Dalloway love exists in the ordinary, the mundane, and the daily routine of
life. Love is expressed in the diurnal activities in which people daily engage.
Love does not reside in the great passions on display sometimes on the stage or
the screen, or that is written about in even the great novels; love resides in the
ordinary sometimes even inarticulable expressions we haltingly make as we go
through our daily lives, as in Richard’s sudden desire and purchase of roses
for Clarissa and yet his inability to say to her “I love you,” when he gives
them to her, though she knew from his gift what he was saying. Love exists in
the daily. What Clarissa loved “was this, here, now, in front of her; the fat
lady in the cab.”
And I am thus reminded of J.D Salinger’s
book Fanny and Zooey. Franny Glass has
suffered an existential crisis, a spiritual breakdown, and taken to her bed
seeking some salvation and spiritual uplift by her recitation of the Jesus
prayer. She has become immobilized, and in her search for some transcendent and
ultimate purpose lost touch with the daily life. From a different room in the
apartment her brother Zooey calls on the telephone and tells her to “go on with
your Jesus Prayer if you want to. I mean that’s your business.” But he reminds
her that when she did suffer her break down she did not search the world for a
master spiritual guide; rather, she came home and he feels justified to serve now
as a lowly spiritual counsel to her. “You’re only entitled to the low-grade
spiritual counsel we’re able to give you around her, and no more.” He has something
to say to Franny!
Zooey’s counsel to Franny returns me
to Clarissa in Woolf’s novel, Mrs.
Dalloway. Zooey demands that Franny look at the ordinary activities of life
as sources of joy and love. He chides her: “You don’t even have sense enough to
drink when somebody brings you a cup
of consecrated chicken soup Bessie ever brings anybody around this madhouse.” In
her quest for the ultimate Franny has missed the sacredness of the ordinary.”

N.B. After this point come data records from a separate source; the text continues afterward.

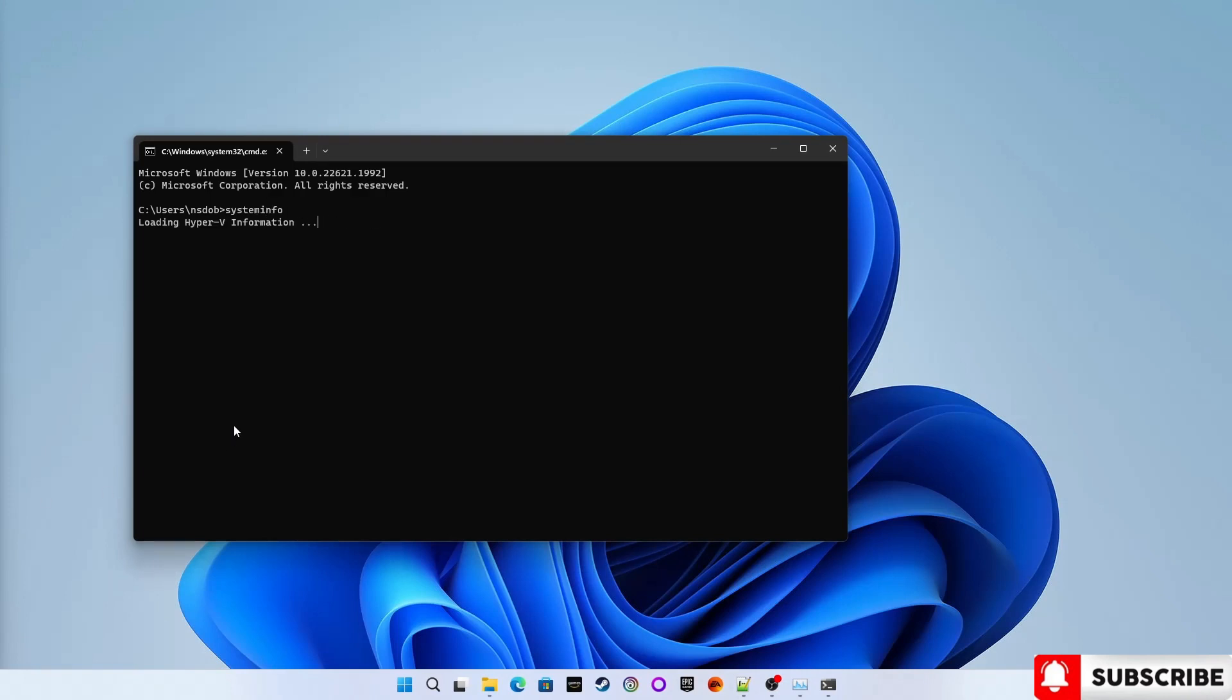Scroll down to the Hyper-V requirements and you will see the virtualization is enabled in firmware that is yes or no. So it is yes, enabled in my BIOS. Another way is through the task manager.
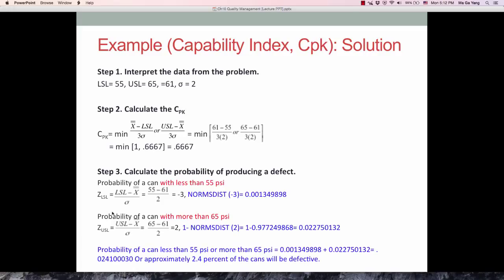Using the Z-score, we need to find the probability of a can with less than 55 PSI, which is the lower specification limit, and the probability of a can with more than 65 PSI, which is the upper specification limit. That's the left tail and the right tail. When we combine these, that gives us the probability of producing a defect.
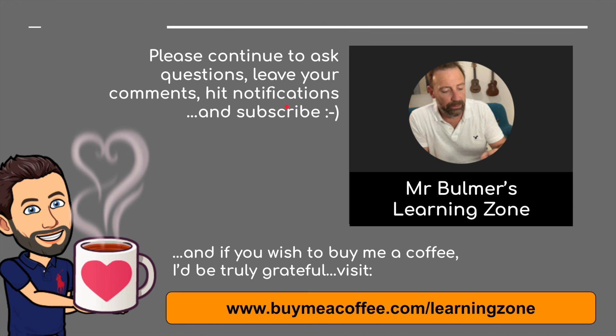Bye for now. Please continue to ask questions, leave your comments, hit notifications, and please subscribe. And finally, if you wish to buy me a coffee, I'd be truly grateful. Please visit buymeacoffee.com forward slash learning zone. Thank you very much indeed. I'll see you next time. Bye for now.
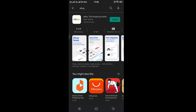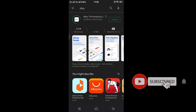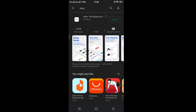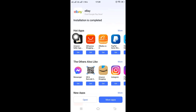Now tap on the green button that says Install. Installing may take some time if you have a poor internet connection, but keep some patience. The eBay application is now successfully installed.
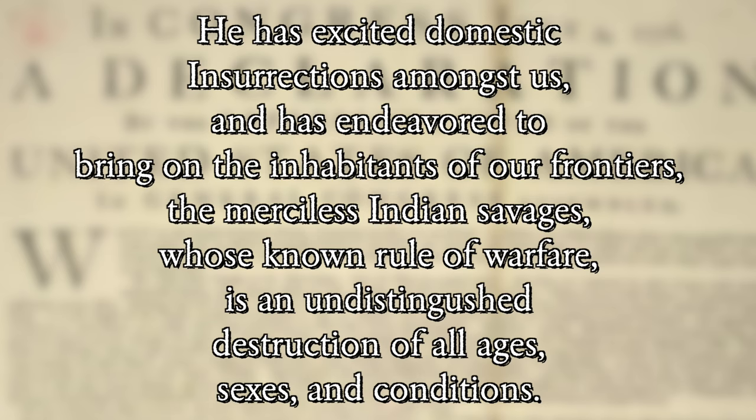Now, the grievance you'll read in the document today is the following: He has excited domestic insurrections amongst us and has endeavored to bring on the inhabitants of our frontiers, the merciless Indian savages, whose known rule of warfare is an undistinguished destruction of all ages, sexes, and conditions. Now, this grievance is aimed at the Native Americans, you know, the people that were living here before any of these colonists came along, and how the British Army was calling up Native Americans to use them in battle against colonists. But there's another domestic insurrection that Jefferson alludes to in that grievance, and that one, according to him, in his mind, he feels is being done by slaves.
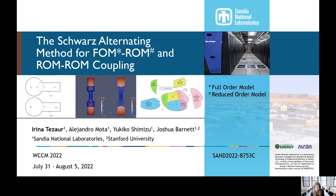The title of my presentation today is the Schwartz Alternating Method for FOM-ROM and ROM-ROM Coupling. Here FOM stands for Full Order Model and ROM stands for Reduced Order Model. I'd like to acknowledge some of my collaborators on this work: Alejandra Mota and Yuki Shimizu from Sandia National Labs, as well as Joshua Barnett, an intern we have this summer from Stanford University.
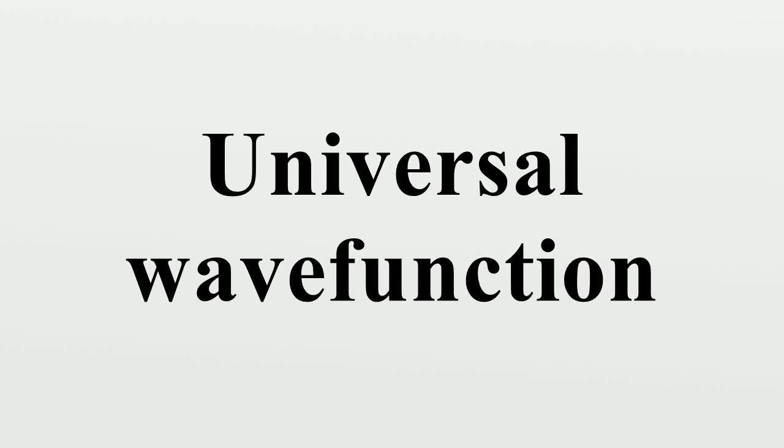The universal wave function is a term introduced by Hugh Everett in his Princeton Ph.D. thesis, The Theory of the Universal Wave Function, and forms a core concept in the relative state interpretation or many-worlds interpretation of quantum mechanics.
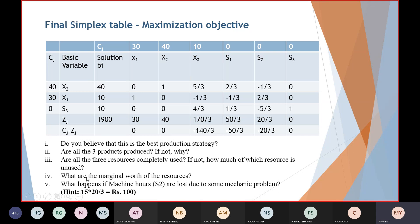The next question asks for the marginal worth of the resources. Shadow prices are also known as marginal worth of the resources. These are the three resources — S1, S2, S3 — and their marginal worth values are 50/3, 20/3, and 0 respectively. Always write these values as positive absolute values, even though they represent reductions. The notes and PPT uploaded on the Teams platform contain these theoretical definitions.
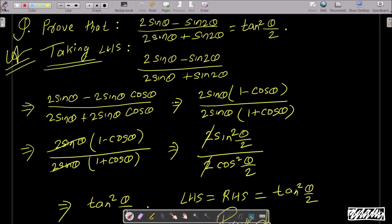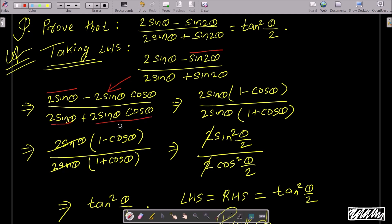For 2sinθ, apply the sin2θ formula: sin2θ = 2sinθ·cosθ. Write 2sinθ in the numerator and denominator, then substitute sin2θ with 2sinθ·cosθ.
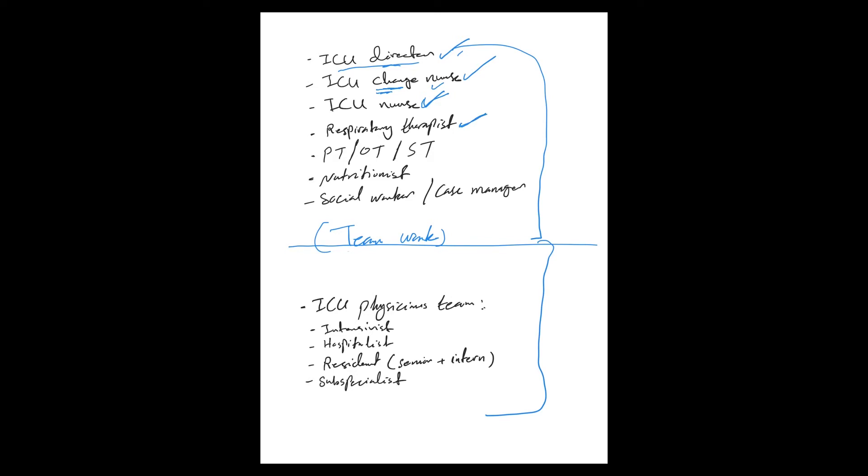Anything respiratory is usually done by the respiratory therapist, in terms of mechanical ventilators, oxygen supplements, breathing treatments, ABGs, and all of that.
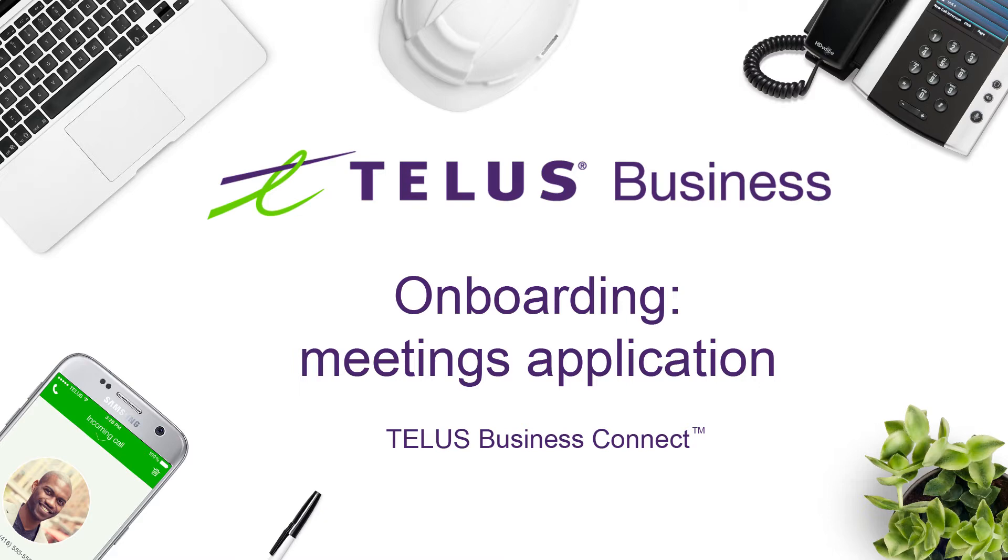Participants can be invited to join a meeting by email. They do not have to be a TELUS Business Connect customer but can download and run the Business Connect meeting app free and join your meeting without needing to create an account or login.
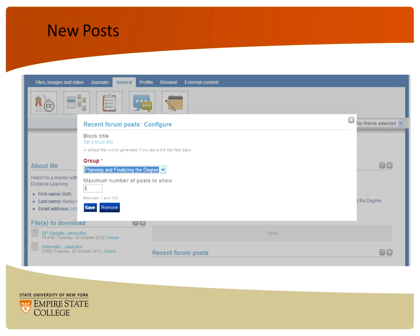Another thing you may want to use is under General — specifically 'New Posts.' What that does is pull posts out of our group, Planning and Finalizing, or any other group you belong to. So if you want to have on your page what the new posts are, you can do that. All you have to do is choose Form Posts and choose the group — I chose Planning, Finalizing, and Degree. Note also here that you choose the maximum number of posts to show. Maybe you only want to show one at a time, and there will be a little place where people can click to see other posts. Then choose Save.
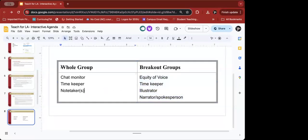The nice part too is that because you start out with roles on a daily basis — even in a face-to-face environment, you have that chat monitor, timekeeper, note taker — they become very comfortable with roles. When you start adding in other roles like an illustrator or spokesperson, it's expected, and they'll lean into those opportunities.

He asks her, “How in hell are you
going to recognize a legitimate holy man when you see one if you don’t even
know a cup of consecrated chicken soup when it’s right in front of your nose?” It
is life and life only that must be loved. Once, Zooey tells Franny, his older
brother Seymour had advised Zooey that even though they performed on a radio
show he ought still to polish his shoes: “He said to shine them for the Fat
Lady,” though he never revealed the identity of the Fat Lady. And Zooey says to
Franny, who in her search for purpose and meaning in life suffers such anguish,
“But I’ll tell you a secret—Are you listening to me? There isn’t anyone out there who isn’t Seymour’s Fat Lady . . . Don’t
you know that—don’t you know who that Fat
Lady really is? . . . Ah, buddy. Ah, buddy. Its Christ’s Himself. Christ Himself,
buddy.” The Fat Lady listening to the radio or sitting in the cab is the holy,
and the constant recitation of the Jesus prayer serves to deflect Franny from attending
with care and with love to the Fat Lady listening to the radio—to miss the sacred
that inheres to daily life . . . and to the fat lady in the cab!